» **WORK TO COMPLETE**: When you reach the line containing "Photo of Bedroom in Lansing", please repeat it and every line after it exactly, through the end of the listing below, skipping pictures.

» **DATASET EXTRACT**:
━━━━━━━━━━━━━━━━━━━━━━━━━━━━━━

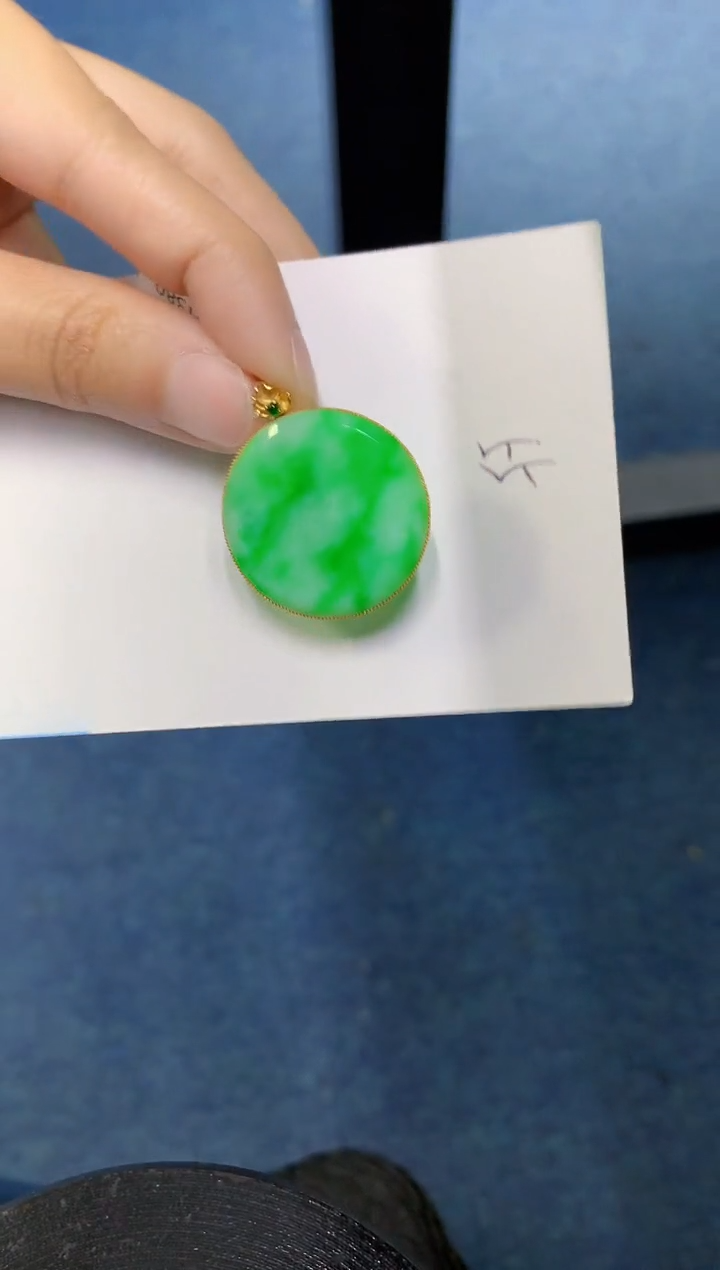 【闪购商品】翡翠颈饰18K金镶嵌000000000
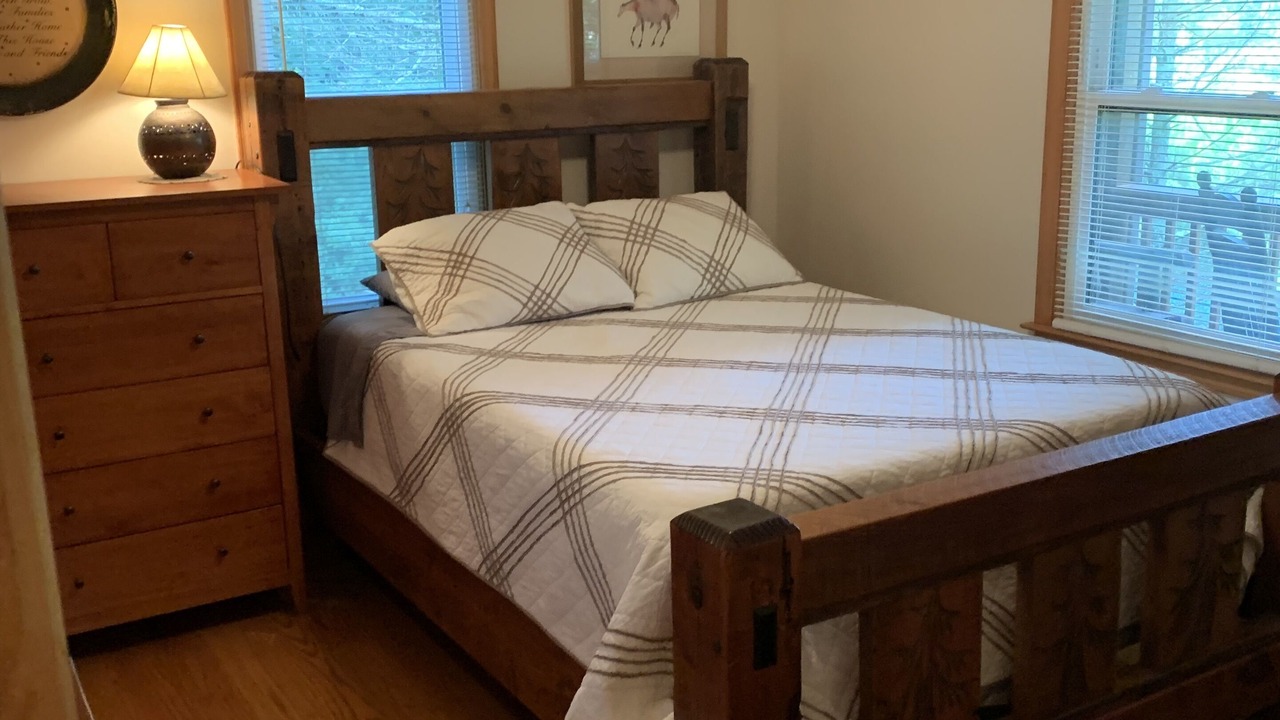Photo of Bedroom in Lansing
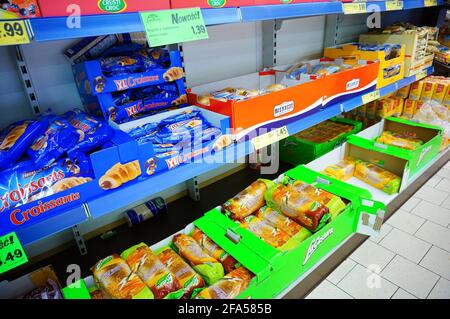 POZNAN, POLEN - 10. Feb 2016: Brot zum Verkauf in einem Lidl-Supermarkt Stockfoto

━━━━━━━━━━━━━━━━━━━━━━━━━━━━━━

» **EXERCISE RESULT**:
Photo of Bedroom in Lansing
 POZNAN, POLEN - 10. Feb 2016: Brot zum Verkauf in einem Lidl-Supermarkt Stockfoto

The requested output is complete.